Safeco's troubles began in October 1997, when the insurer, with $6.9 billion in 2001 revenues, paid $2.8 billion for American States Financial Corp., a large Midwestern property/casualty insurer, in hopes of expanding beyond its roots in the Northwest. At the time, Eigsti claimed the acquisition would help Safeco expand its market base. Instead, it nearly killed the 74-year-old company.

IT View: "Technology doesn't run the business, but the business cannot run without technology. Once you integrate technology with business strategy, you learn immediately that it can drive enormous value."
Yom Senegor
Senior Vice President
Director of Strategic Planning and CIO
Safeco Corp.

To retain market share in a softening market, one in which competitive pressures drove insurance prices down year after year for a decade, Safeco did the unthinkable: It reduced rates from what were already unprofitable levels. The strategy backfired: Claims losses were higher than expected and exceeded the premium dollars coming in. Safeco's bottom line cracked like Seattle's historic Pioneer Square after last year's magnitude 6.8 earthquake. "After acquiring American States, Safeco said to its agents, 'Sell whatever you want and we'll underwrite it; just get the business and don't worry about it,'" says Mike Paisan, a principal at Williams Capital Group, a New York City-based investment bank. "That strategy came back to haunt them.

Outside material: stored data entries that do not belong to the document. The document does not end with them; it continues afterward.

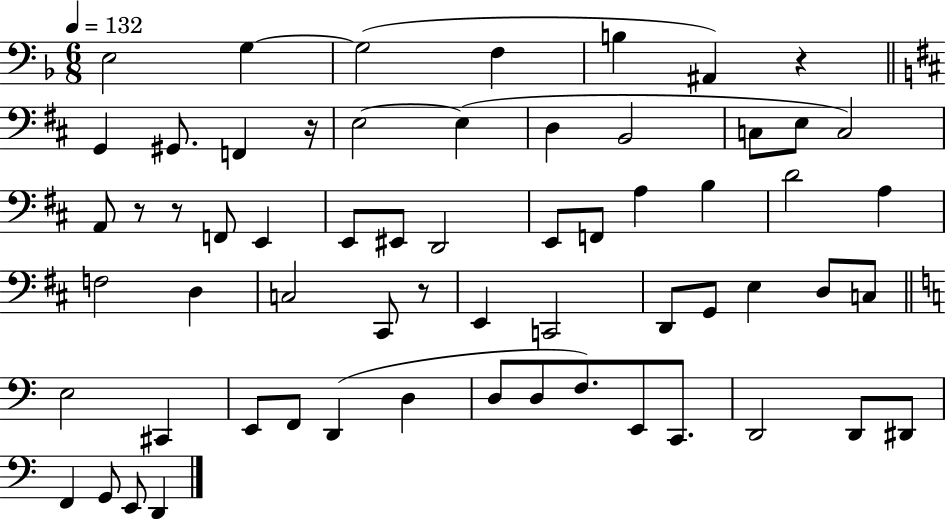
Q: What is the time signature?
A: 6/8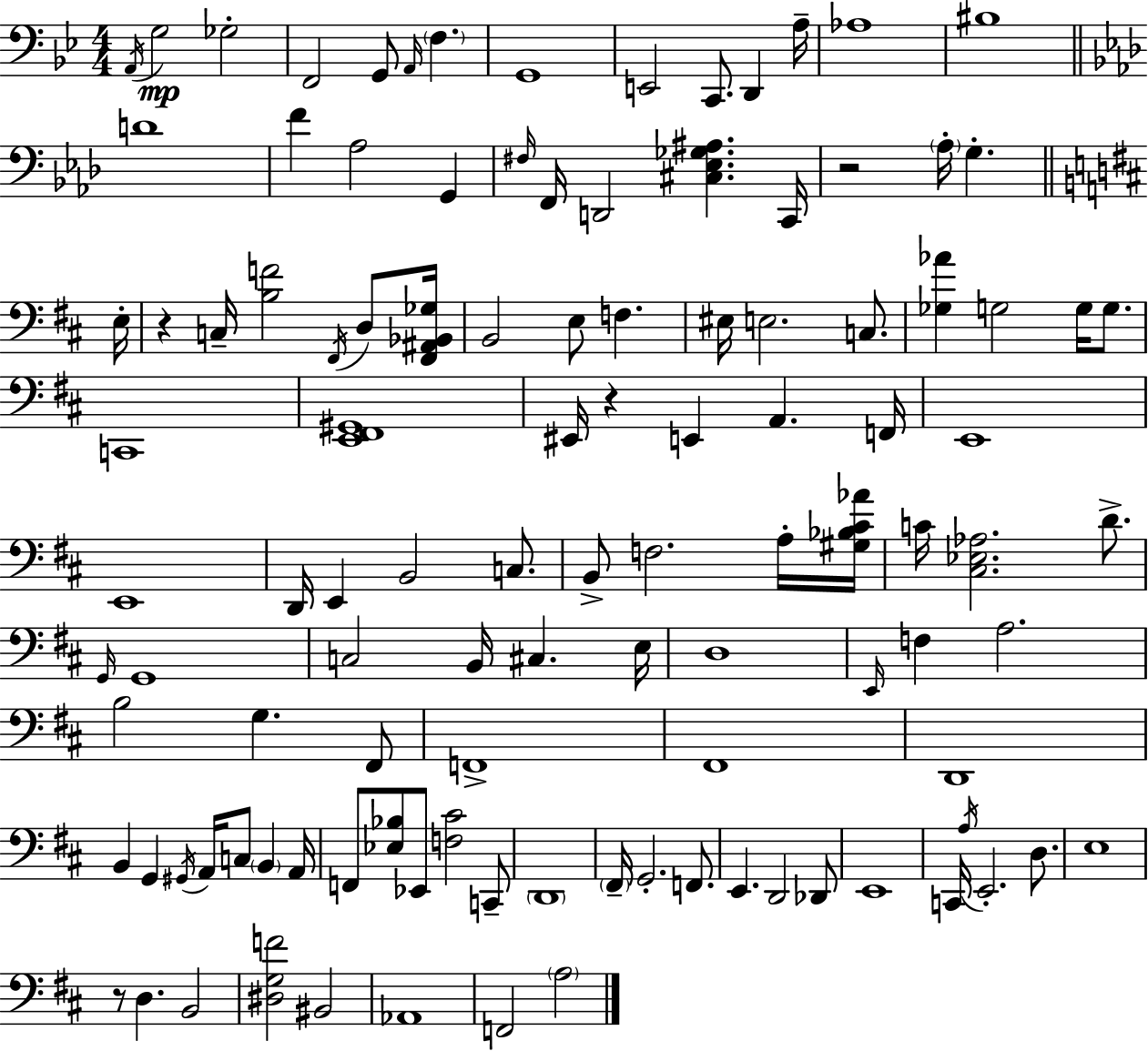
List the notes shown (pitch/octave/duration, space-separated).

A2/s G3/h Gb3/h F2/h G2/e A2/s F3/q. G2/w E2/h C2/e. D2/q A3/s Ab3/w BIS3/w D4/w F4/q Ab3/h G2/q F#3/s F2/s D2/h [C#3,Eb3,Gb3,A#3]/q. C2/s R/h Ab3/s G3/q. E3/s R/q C3/s [B3,F4]/h F#2/s D3/e [F#2,A#2,Bb2,Gb3]/s B2/h E3/e F3/q. EIS3/s E3/h. C3/e. [Gb3,Ab4]/q G3/h G3/s G3/e. C2/w [E2,F#2,G#2]/w EIS2/s R/q E2/q A2/q. F2/s E2/w E2/w D2/s E2/q B2/h C3/e. B2/e F3/h. A3/s [G#3,Bb3,C#4,Ab4]/s C4/s [C#3,Eb3,Ab3]/h. D4/e. G2/s G2/w C3/h B2/s C#3/q. E3/s D3/w E2/s F3/q A3/h. B3/h G3/q. F#2/e F2/w F#2/w D2/w B2/q G2/q G#2/s A2/s C3/e B2/q A2/s F2/e [Eb3,Bb3]/e Eb2/e [F3,C#4]/h C2/e D2/w F#2/s G2/h. F2/e. E2/q. D2/h Db2/e E2/w C2/s A3/s E2/h. D3/e. E3/w R/e D3/q. B2/h [D#3,G3,F4]/h BIS2/h Ab2/w F2/h A3/h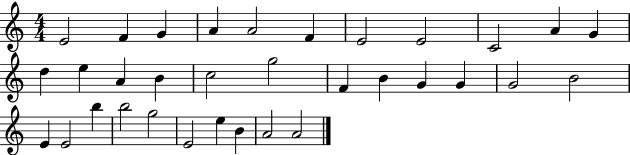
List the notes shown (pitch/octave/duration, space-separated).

E4/h F4/q G4/q A4/q A4/h F4/q E4/h E4/h C4/h A4/q G4/q D5/q E5/q A4/q B4/q C5/h G5/h F4/q B4/q G4/q G4/q G4/h B4/h E4/q E4/h B5/q B5/h G5/h E4/h E5/q B4/q A4/h A4/h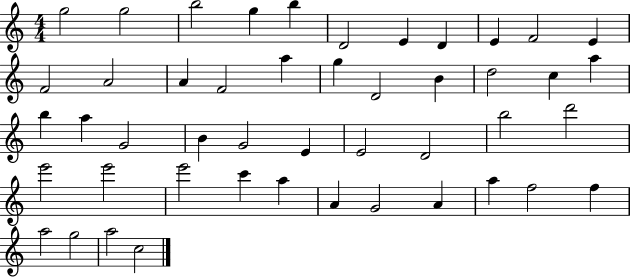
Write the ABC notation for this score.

X:1
T:Untitled
M:4/4
L:1/4
K:C
g2 g2 b2 g b D2 E D E F2 E F2 A2 A F2 a g D2 B d2 c a b a G2 B G2 E E2 D2 b2 d'2 e'2 e'2 e'2 c' a A G2 A a f2 f a2 g2 a2 c2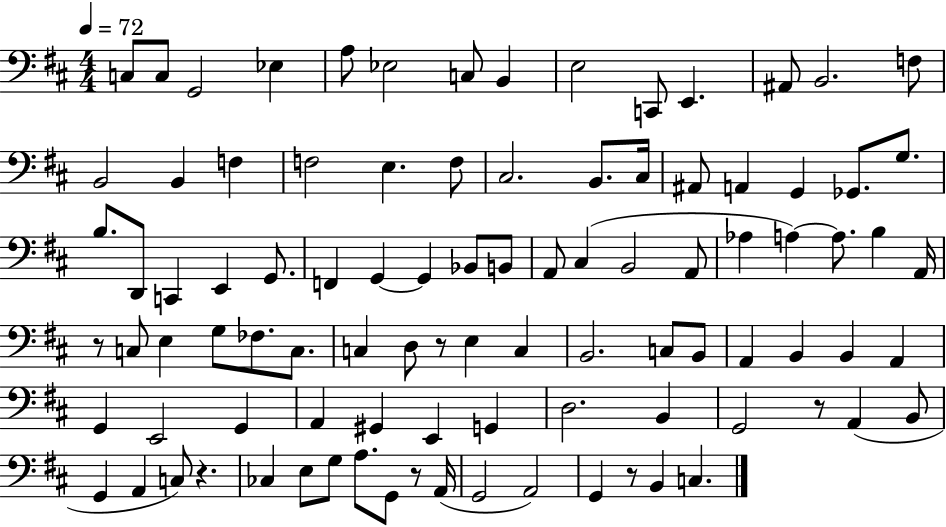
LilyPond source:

{
  \clef bass
  \numericTimeSignature
  \time 4/4
  \key d \major
  \tempo 4 = 72
  c8 c8 g,2 ees4 | a8 ees2 c8 b,4 | e2 c,8 e,4. | ais,8 b,2. f8 | \break b,2 b,4 f4 | f2 e4. f8 | cis2. b,8. cis16 | ais,8 a,4 g,4 ges,8. g8. | \break b8. d,8 c,4 e,4 g,8. | f,4 g,4~~ g,4 bes,8 b,8 | a,8 cis4( b,2 a,8 | aes4 a4~~) a8. b4 a,16 | \break r8 c8 e4 g8 fes8. c8. | c4 d8 r8 e4 c4 | b,2. c8 b,8 | a,4 b,4 b,4 a,4 | \break g,4 e,2 g,4 | a,4 gis,4 e,4 g,4 | d2. b,4 | g,2 r8 a,4( b,8 | \break g,4 a,4 c8) r4. | ces4 e8 g8 a8. g,8 r8 a,16( | g,2 a,2) | g,4 r8 b,4 c4. | \break \bar "|."
}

The company had completely lost its underwriting discipline. A lot of poor business was put on the books in both commercial lines and personal lines, and Safeco has been paying for it ever since."

Biz View: "Auto insurance and small commercial lines are low-margin businesses that are very much dependent upon a relationship between strategy and technology."
Mike McGavick
President and CEO
Safeco Corp.

By the end of 1999, Safeco's combined ratio—a measurement of insured losses versus premium income—stood at 108.4 percent, worse than the industry's 107.9 percent, for the first time in the company's history. Meanwhile, Safeco was earmarking dollars to increase sales without the distribution channels or the technology to provide the marketing support for the effort. "Our expense ratio since the American States acquisition had climbed into the lower middle of the pack," McGavick said. "Given declining revenues, we had to step up and get our expenses in line with industry leaders."